PROBLEM TO WORK ON:
Beginning at the line that holds "The 2020s decade", transcribe each line exactly through the end of the records, and leave any pictures out.

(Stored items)
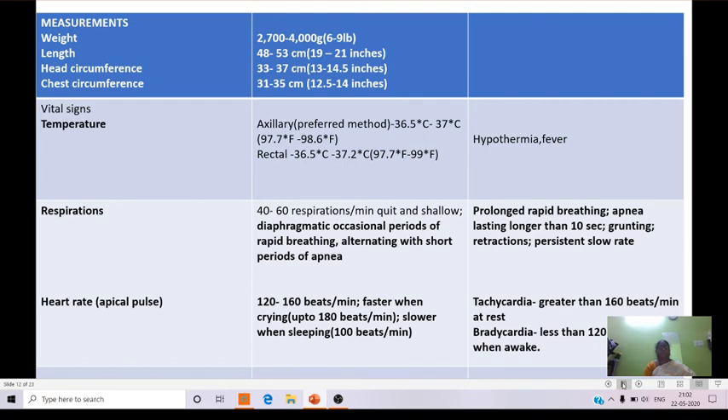Coming to respirations: 40 to 60 respirations per minute, quiet and shallow, diaphragmatic, with occasional periods of rapid breathing alternating with short periods of apnea in normal babies. In abnormal respirations, prolonged rapid breathing, apnea lasting longer than 10 seconds, grunting respirations, retractions, and persistent slow respiratory rate can be observed.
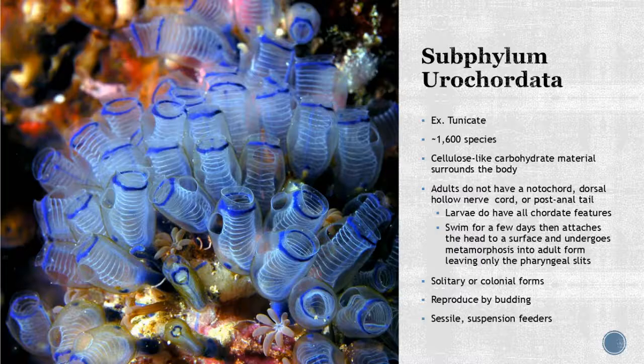Subphylum Urochordata — the tunicates — have about 600 species. They have a cellulose carbohydrate material surrounding their body. The adults don't have the notochord, dorsal hollow nerve cord, or post-anal tail, but the larval stage does — which is why they fall into this in-between category. The larval stage looks completely different from the adult stage. They can form solitary tubes or live in colonies and can reproduce by budding. It's interesting that this falls into the chordate category, but during development they do have those four key characteristics.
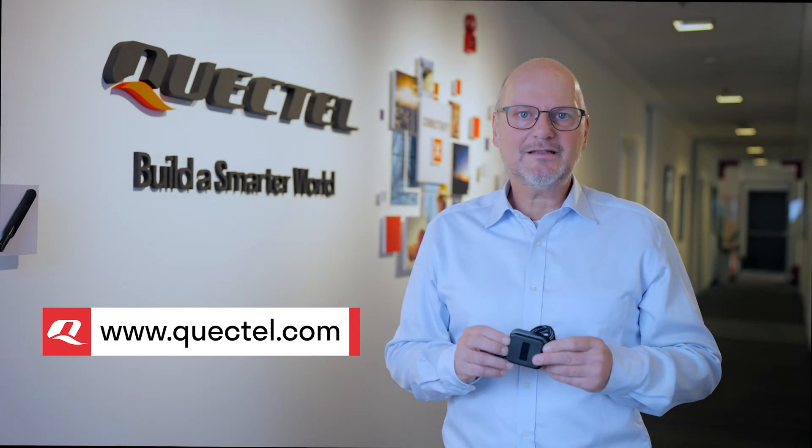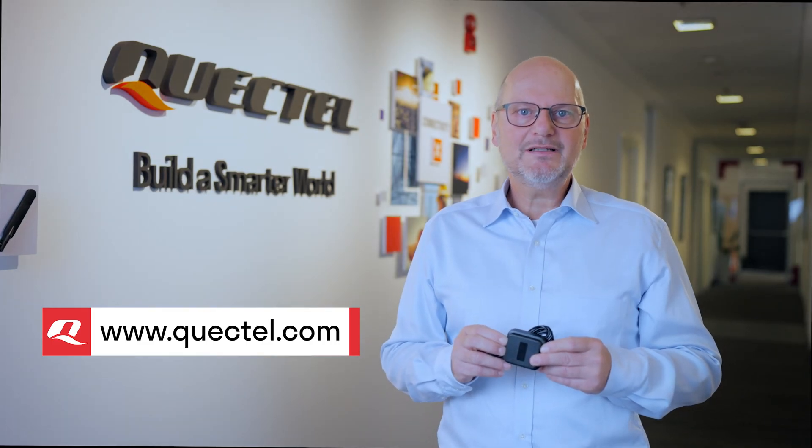And don't forget that as a leading global IoT solutions provider, Quacktel enables you to use a single supplier for module, antenna and connectivity. To find out more about the Quacktel YB0017AA antenna, visit quacktel.com, contact your regional sales team or our channel partners.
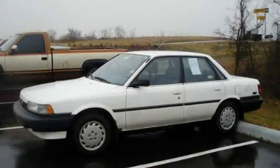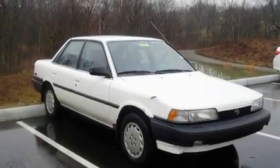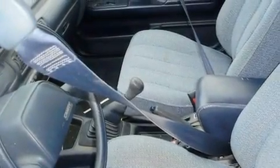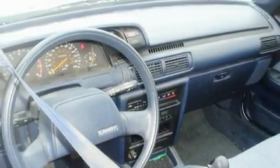This is a 1990 Toyota Camry. It features a four-cylinder engine and a manual transmission. Its top features include a passenger-side vanity mirror, a full-size spare tire, rear seat child-proof door locks, and many other features.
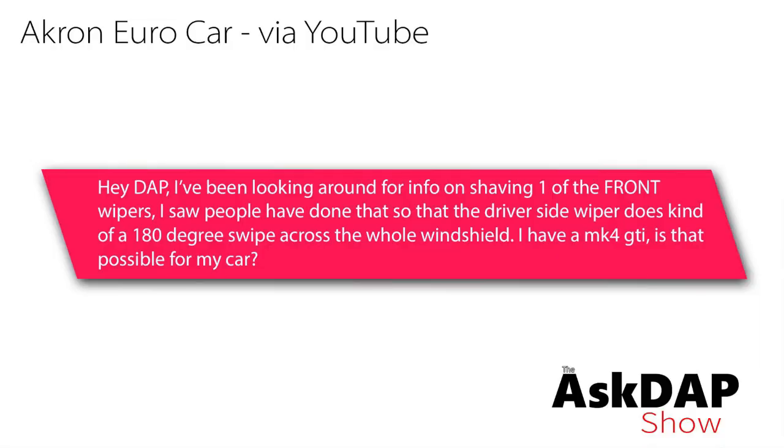Akron Eurocar via YouTube says: Hey Dap, I've been looking around for info on shaving off one of the front wipers. I saw people have done that so the driver's side wiper does kind of a 180-degree swipe across the whole windshield. I have a Mark IV GTI — is that possible for this car? So this question is kind of a blast from the past. The product I think you're looking for — there is such a product for Mark IVs. If my memory serves me correctly, I think it is from Bonbrenner, a German company from back in the Mark IV days.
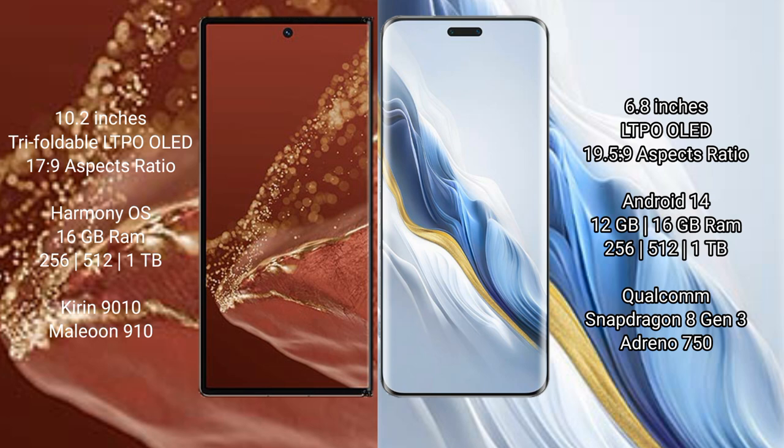Huawei Mate XT Ultimate runs on the HarmonyOS operating system. Honor Magic 6 Pro runs on the Android 14 operating system. Huawei Mate XT Ultimate comes with 16GB RAM and 256GB, 512GB, or 1TB internal storage, powered by a Qualcomm Snapdragon 8 Gen 2 processor.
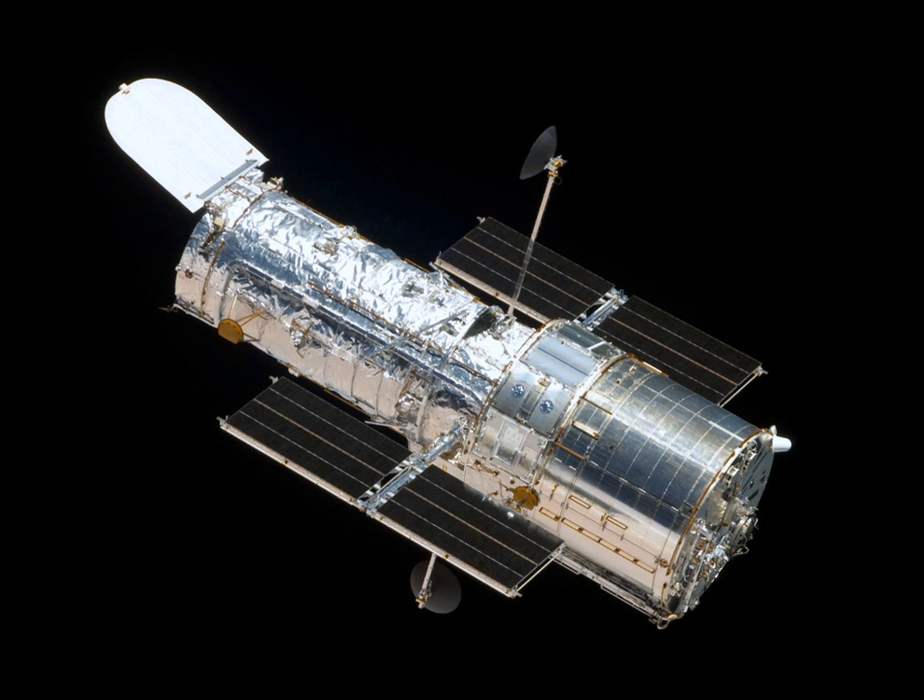The 2020s decade will see two planetary launches, the Mars 2020 rover and the Europa Clipper, and a third, a Europa lander, has been studied for possible launch as early as 2024. Of the four great observatories, only the Spitzer Space Telescope is not a flagship mission. Despite an initial budget of $2 billion, Spitzer was downscoped to a medium-size $720 million mission.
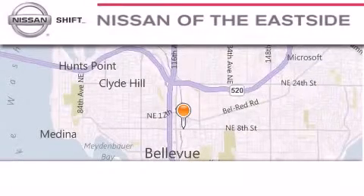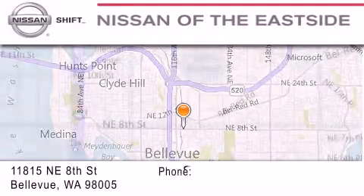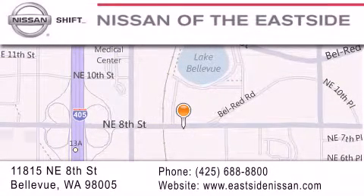When you walk into our dealership, whether to purchase a vehicle or to visit our service department, you should feel like a guest in our home. You can rest assured that each team member will do everything possible to make your experience as simple and enjoyable as possible. We want you to feel that when you do business with Nissan of the Eastside, life gets better.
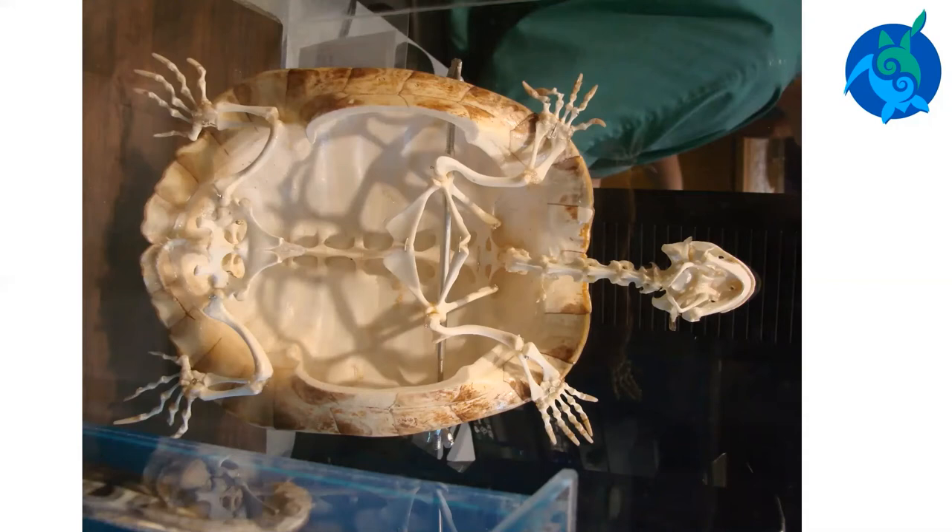Sea turtle scutes will continually add and lose layers as they grow. Hard-shelled sea turtles have toenails that are modified into claws. They can have one or two claws on both the front and back flippers. Leatherback sea turtles do not have claws on their flippers. This freshwater turtle skeleton shows the fused bones that cover the turtle's back. Sea turtles have soft skin on their necks, shoulders, and between their back flippers.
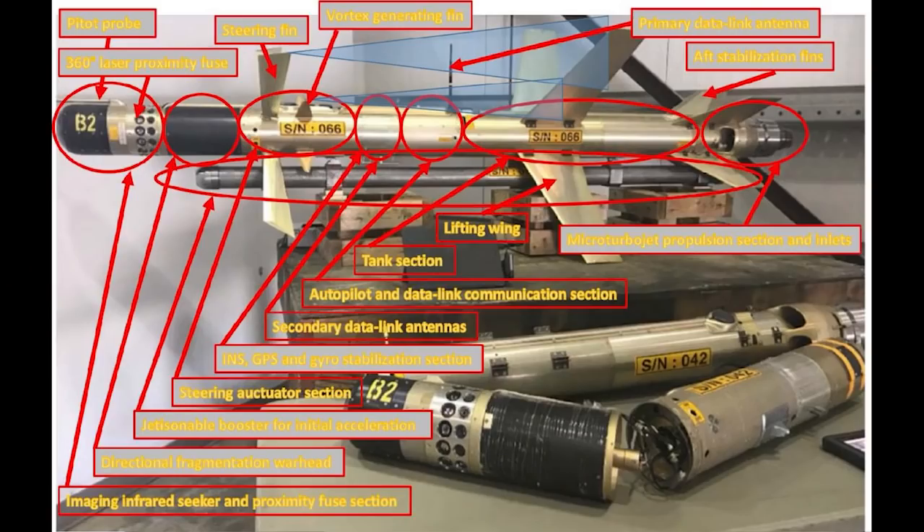Guidance is via an imaging infrared seeker, and the 358 has a laser proximity fuse for engaging aerial targets. It is also possible that the weapon may have an operator in the loop for mid-course guidance, which would make the 358 more akin to a suicide drone than an anti-aircraft missile.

TASK OUTPUT:
The 2020s decade will see two planetary launches, the Mars 2020 rover and the Europa Clipper, and a third, a Europa lander, has been studied for possible launch as early as 2024. Of the four great observatories, only the Spitzer Space Telescope is not a flagship mission. Despite an initial budget of $2 billion, Spitzer was downscoped to a medium-size $720 million mission.
When you walk into our dealership, whether to purchase a vehicle or to visit our service department, you should feel like a guest in our home. You can rest assured that each team member will do everything possible to make your experience as simple and enjoyable as possible. We want you to feel that when you do business with Nissan of the Eastside, life gets better.
Sea turtle scutes will continually add and lose layers as they grow. Hard-shelled sea turtles have toenails that are modified into claws. They can have one or two claws on both the front and back flippers. Leatherback sea turtles do not have claws on their flippers. This freshwater turtle skeleton shows the fused bones that cover the turtle's back. Sea turtles have soft skin on their necks, shoulders, and between their back flippers.
Guidance is via an imaging infrared seeker, and the 358 has a laser proximity fuse for engaging aerial targets. It is also possible that the weapon may have an operator in the loop for mid-course guidance, which would make the 358 more akin to a suicide drone than an anti-aircraft missile.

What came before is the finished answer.